Recently ads have surfaced for a new movie called 'BlackHat' which is stacking up to be this years version of the 'techno-action-thriller', wherein again, Hollywood makes every computer literate person in the audience groan and facepalm.
There's been an advertising campaign running for this movie which displays a fairly sexy graphic that claims what the password cracking times would be for a very short list of passwords: password, Password, [email protected], and [email protected]
Immediately upon viewing this, most of twitter went up-in-arms about how wrong it was. Lots of folks ranted about how shortsighted this was, but nobody actually posted the real stats.
First and foremost - My gaming rig (which really isn't all that powerful) has 12 cores and a NVidia Titan 1GB video card. I can walk the entire NTLM 8 char keyspace (upper, lower, special and numbers) in roughly 4 hours - so whether your password is *fnJH13( or aaaaaaaa the longest I'll have to wait is 4 hours to get it. If it's in a dictionary, it's usually seconds. 9 chars? I have to wait about 12-15 hours, but it's the same mechanic. If your password is 9 chars or shorter, and I can capture an NTLM hash of it from a windows computer, I will likely have it cracked before anybody notices the computer has been hacked.
So after some thought, I decided to do it and show my work, but there are several considerations to take into account when telling people absolute figures for the time it takes to crack passwords:
- What is the password for? Different systems store passwords using different hashing algorithms. This can make the password trivial to crack (like LM) or absurdly hard to crack (like sha512crypt). This matters greatly.
- What is doing the cracking? A phone? a laptop? a bunch of ec2 images? a watercooled, $20,000 cracking rig with 16 dedicated video cards and SSDs with rainbow tables? This also matters, very greatly.
I created four unix accounts on an ubuntu box: user1 through user4, each with one of the passwords from the ad, and I also created four windows users on my gaming rig exactly the same way.
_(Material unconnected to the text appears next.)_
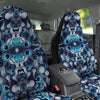 Abstract Wavy Bubbles Blue White Print Pattern Car Seat Covers-grizzshop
The objective here is to determine just how different of a time an attacker would have if attacking unix passwords versus windows passwords (sha512crypt vs NTLM)
The first two passwords, password and Password, when cracked using "John the Ripper", a common, free password cracking tool, took under 11 seconds to crack. This was without rainbow tables, without a dictionary, or any tuning whatsoever. I let that crack run for an hour and it was only able to capture the first two passwords. Using my macbook, which has 8 CPU cores to do the cracking, I was getting roughly 1300 password attempts a second (which frankly is abysmal).
I ran the same crack again using a dictionary, and both passwords popped in under 1 second. Not too bad - an order of magnitude faster, but it's a bad measurement because there were so few passwords. I tried the same test on my windows machine using oclhashcat and got ~6100 password attempts a second. Better, but still really terrible numbers. This means that the sha512crypt algorithm is VERY strong, and it would take either a very long time, or an incredibly powerful machine to crack things. Hashcat was telling me 2+ years for the full 8 char keyspace. Ouch.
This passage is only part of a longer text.